Give the data again exactly as it appears, excluding any pictures.
Content starts
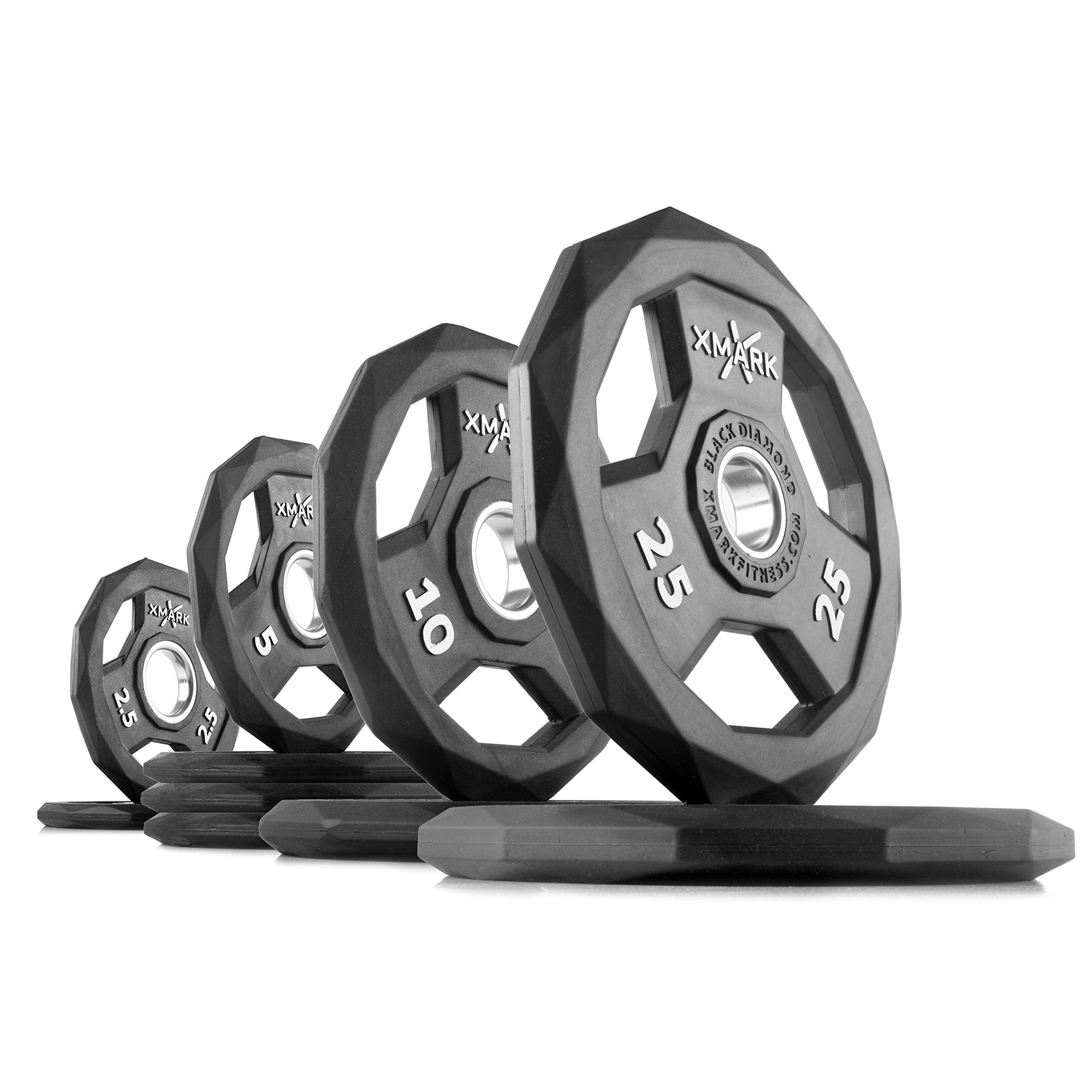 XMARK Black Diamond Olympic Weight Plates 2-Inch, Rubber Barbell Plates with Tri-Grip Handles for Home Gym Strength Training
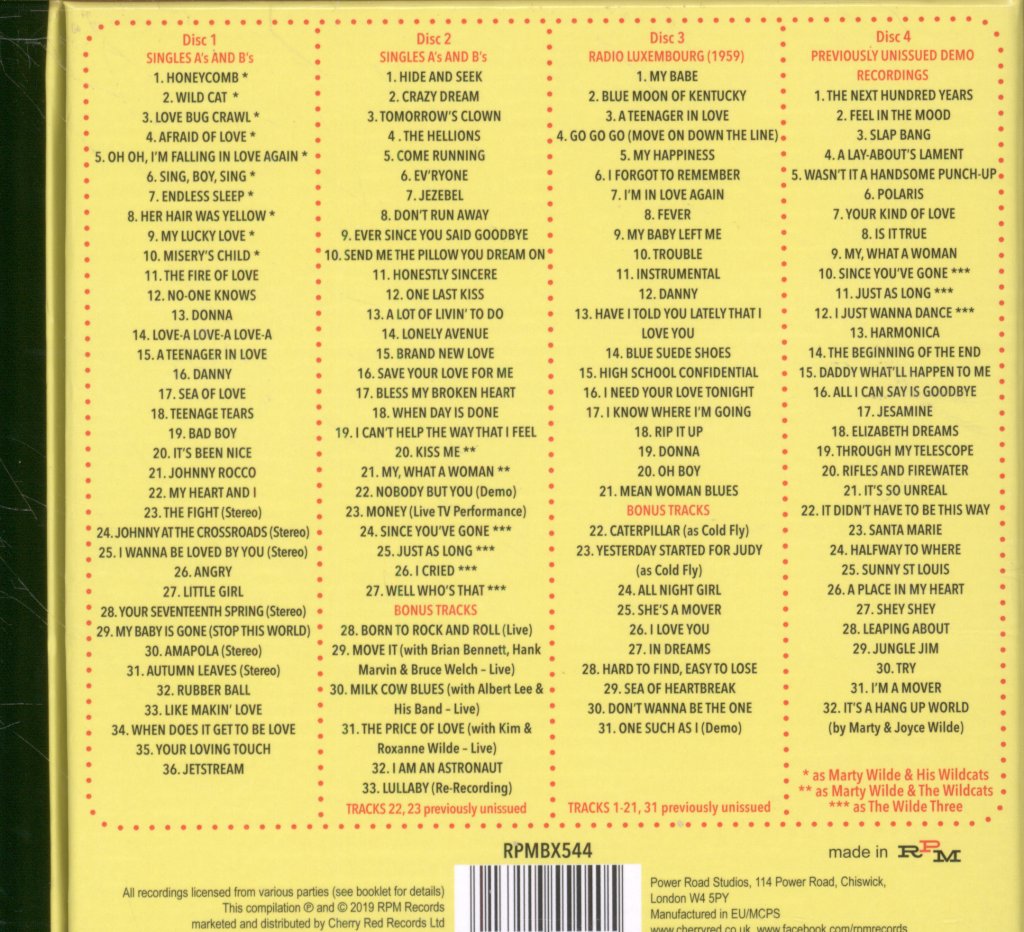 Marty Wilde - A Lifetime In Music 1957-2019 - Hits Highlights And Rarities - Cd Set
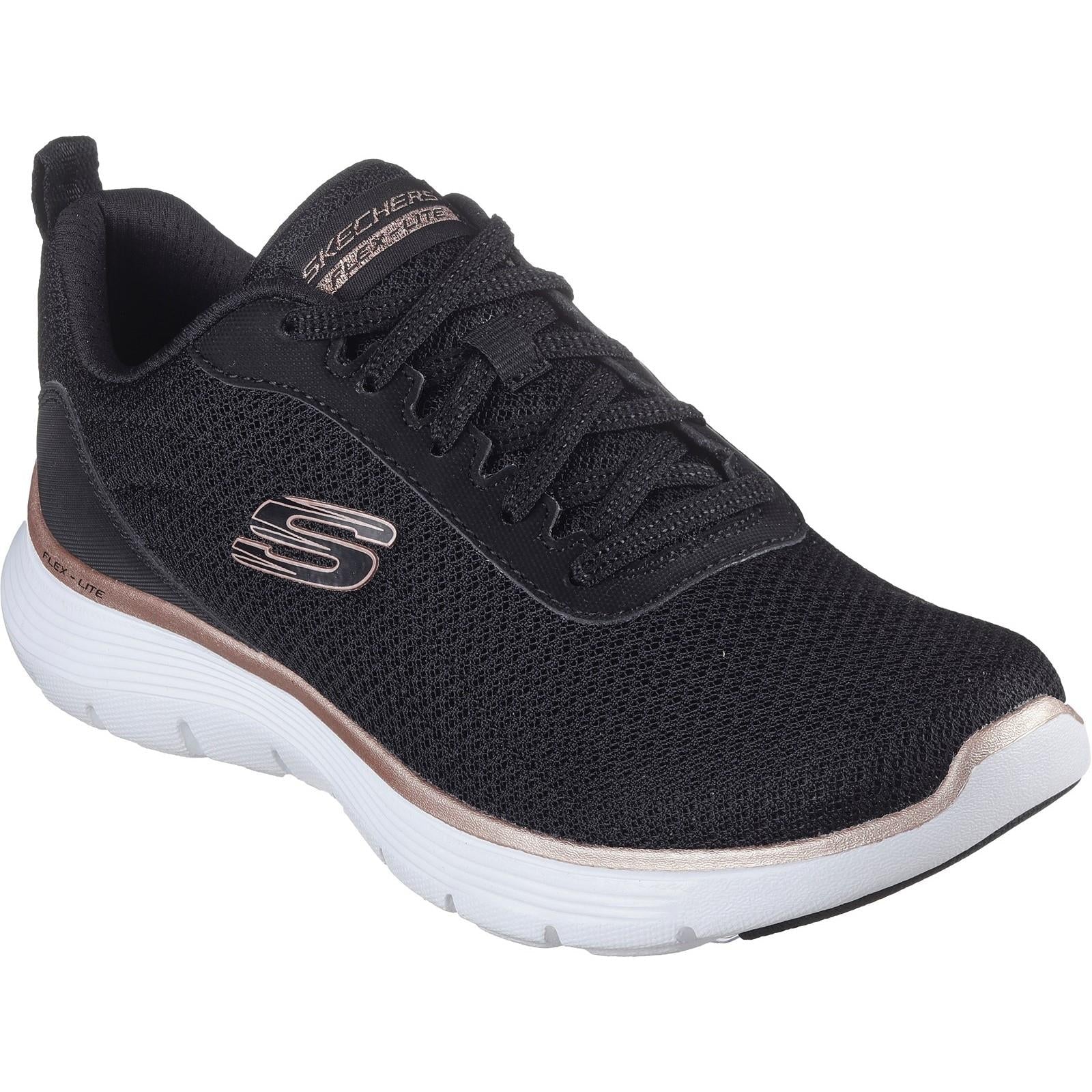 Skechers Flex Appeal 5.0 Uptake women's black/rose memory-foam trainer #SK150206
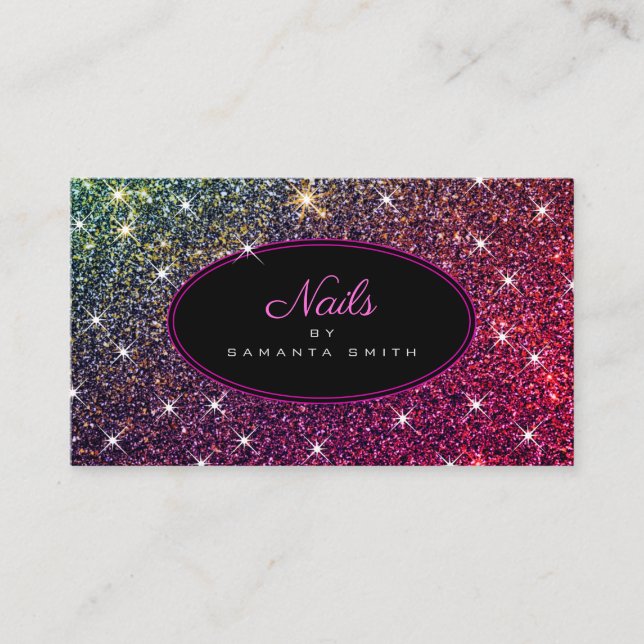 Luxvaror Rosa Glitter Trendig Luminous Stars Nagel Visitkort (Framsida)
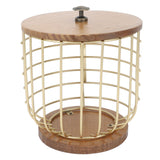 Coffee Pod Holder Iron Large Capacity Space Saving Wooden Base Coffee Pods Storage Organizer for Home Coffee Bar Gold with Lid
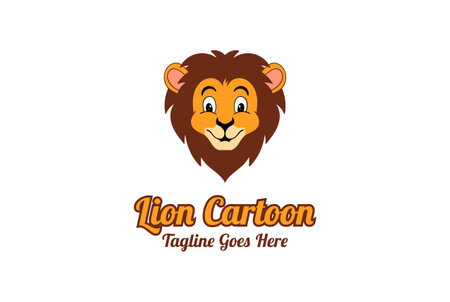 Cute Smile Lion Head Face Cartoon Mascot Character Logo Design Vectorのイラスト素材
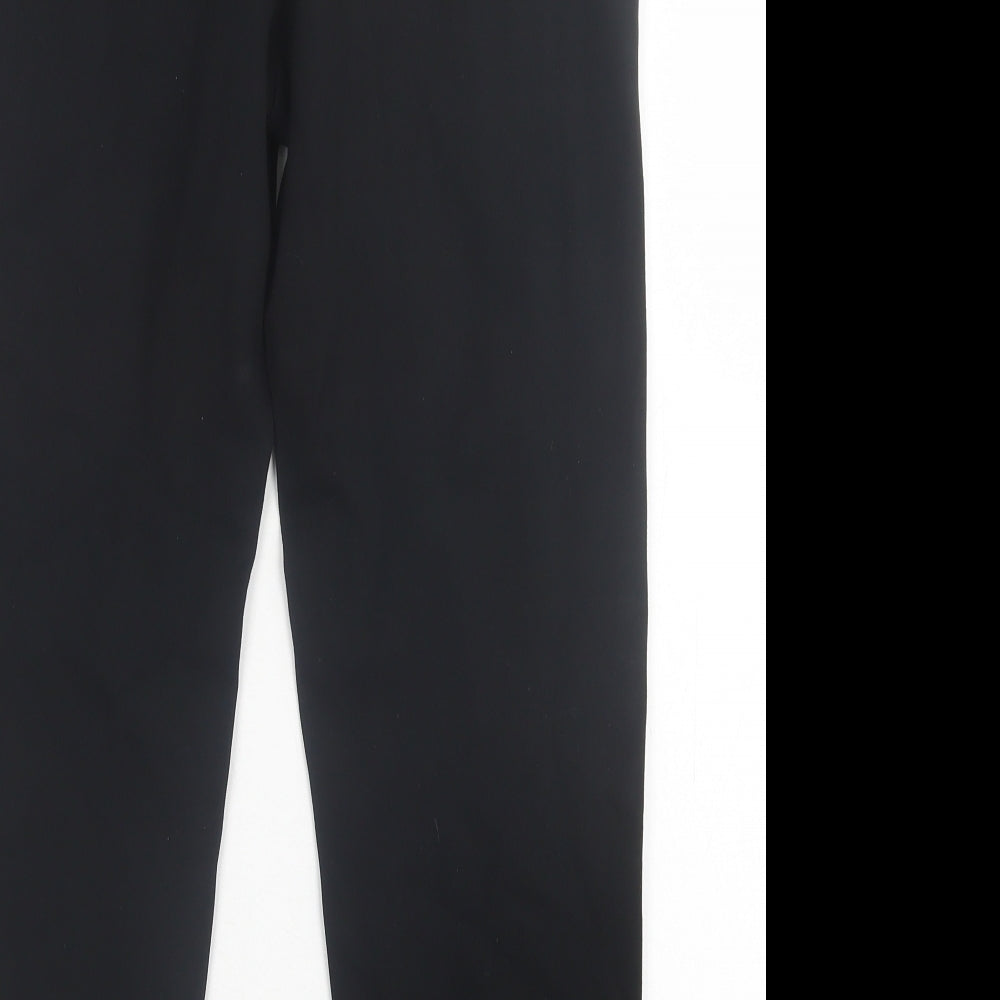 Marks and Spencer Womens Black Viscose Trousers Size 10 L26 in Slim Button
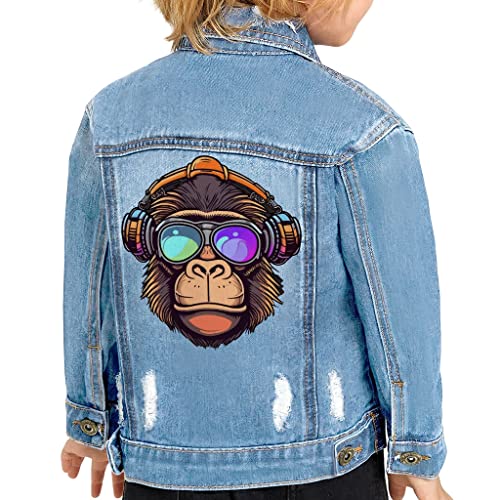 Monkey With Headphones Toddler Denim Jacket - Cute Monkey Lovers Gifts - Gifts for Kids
Content ends
#### TASK RESPONSE:
 XMARK Black Diamond Olympic Weight Plates 2-Inch, Rubber Barbell Plates with Tri-Grip Handles for Home Gym Strength Training
 Marty Wilde - A Lifetime In Music 1957-2019 - Hits Highlights And Rarities - Cd Set
 Skechers Flex Appeal 5.0 Uptake women's black/rose memory-foam trainer #SK150206
 Luxvaror Rosa Glitter Trendig Luminous Stars Nagel Visitkort (Framsida)
 Coffee Pod Holder Iron Large Capacity Space Saving Wooden Base Coffee Pods Storage Organizer for Home Coffee Bar Gold with Lid
 Cute Smile Lion Head Face Cartoon Mascot Character Logo Design Vectorのイラスト素材
 Marks and Spencer Womens Black Viscose Trousers Size 10 L26 in Slim Button
 Monkey With Headphones Toddler Denim Jacket - Cute Monkey Lovers Gifts - Gifts for Kids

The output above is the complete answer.